Published Monday, November 24, 2008 6:05 AM
WASHINGTON -- When Chrysler teetered on the brink of bankruptcy in 1979, the automaker spent months building support for a $1.5 billion loan guarantee that helped save the company and tens of thousands of jobs.
Nearly 30 years later, the U.S. auto industry is getting only weeks to make its case.
Still, the Chrysler chapter offers lessons to the executives of General Motors Corp., Ford Motor Co. and Chrysler LLC -- the private equity successor to the old Chrysler Corp. -- as well as the United Auto Workers union as they try to win support in Congress for a stalled $25 billion rescue plan.
Chrysler's predecessor secured the loan guarantees because labor, management and other stakeholders all made concessions, analysts and lawmakers said. The company also benefited from the salesmanship of its chairman, Lee Iacocca, as well as a broad coalition of supporters and a more dominant hold on the domestic auto market.
Chrysler's efforts in 1979 did not get off to a fast start. Struggling with its largest-ever quarterly loss, a fleet of inefficient cars and high gas prices, Chairman John Riccardo appealed to the Carter administration that July for $1 billion to stabilize the company and protect its 250,000 workers.
Charles Hyde, a Wayne State University history professor, said many people forget that Chrysler was forced to come up with $2 billion in concessions from unions, white-collar employees, dealers, suppliers and banks as part of the deal. State and local governments connected to plants provided tax concessions, and Chrysler was required to adhere to tight government supervision after it received the loans.
Riccardo announced his resignation in September and was replaced by Iacocca, a master salesman who introduced the wildly popular Ford Mustang in the 1960s.
Iacocca agreed to work for a $1 a year until Chrysler turned a profit. He traveled between Detroit and Washington on commercial airlines.
Iacocca teamed with then-Detroit Mayor Coleman Young to make the case for the loans.
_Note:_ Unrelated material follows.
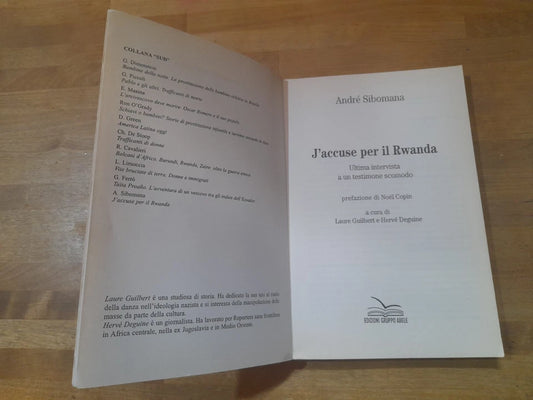 J'ACCUSE PER IL RWANDA. ULTIMA INTERVISTA A UN TESTIMONE SCOMODO, ANDRE' SIBOMANA. EDIZIONI GRUPPO ABELE. 1° EDIZIONE 1998. COLLANA: "SUD".
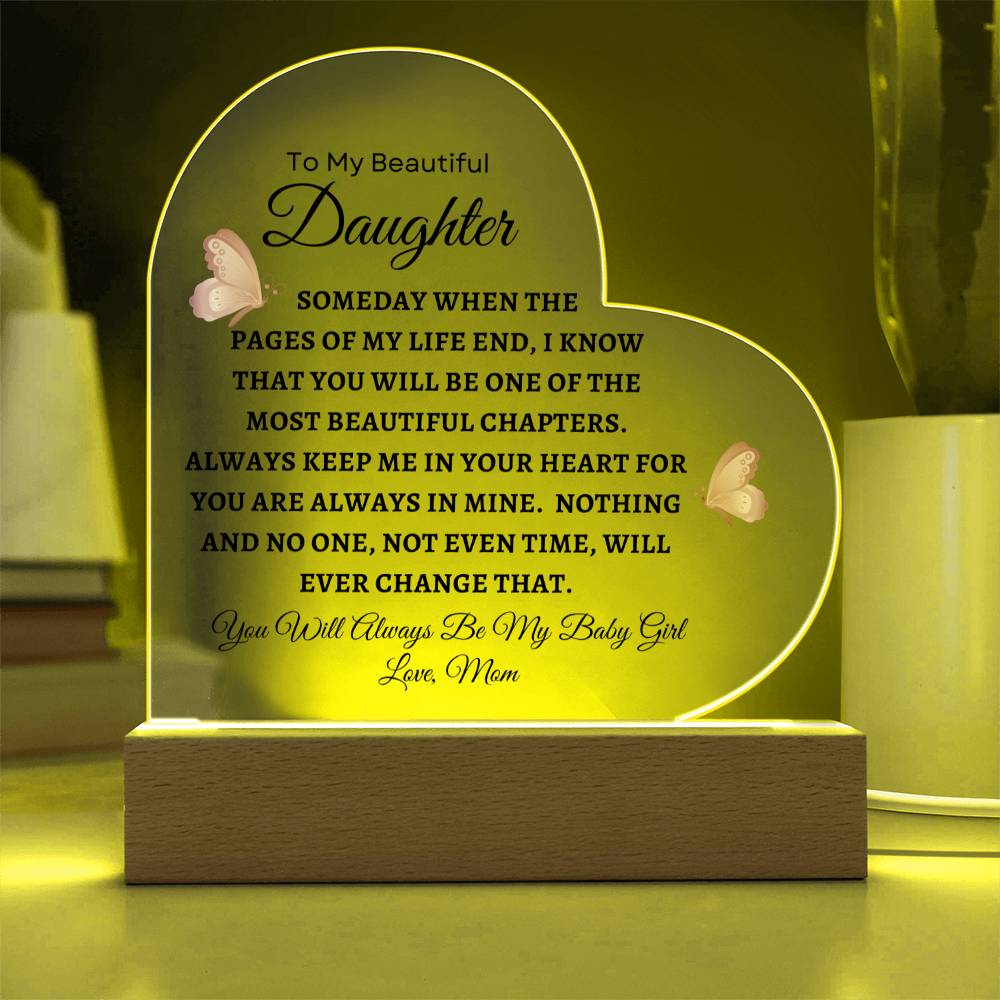 To My Beautiful Daughter - Printed Heart Acrylic Plaque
Together, they served as a "one-two punch," said Reginald Stuart, who covered the 1979 rescue as The New York Times' Detroit bureau chief and wrote a book about it.
Iacocca and Young brought in the Urban League and National Association for the Advancement of Colored People to help their cause and organized a grass-roots campaign by business and city leaders, dealerships, auto suppliers and others.
Four days before Christmas, Congress passed the bill, providing Chrysler a $1.5 billion loan guarantee -- 50 percent more than the company originally sought. Signed by President Jimmy Carter in January 1980, the legislation gave the government broad oversight of the company and an ownership stake. Chrysler avoided bankruptcy and went to develop its highly successful fuel-efficient K-cars.
Chrysler eventually drew down $1.2 billion in loans and repaid them within three years, seven years early. Chrysler turned a profit in 1982 and the government made $311 million in the sale of stock warrants and another $25 million in loan guarantee fees.
"We at Chrysler borrow money the old-fashioned way," Iacocca said later. "We pay it back."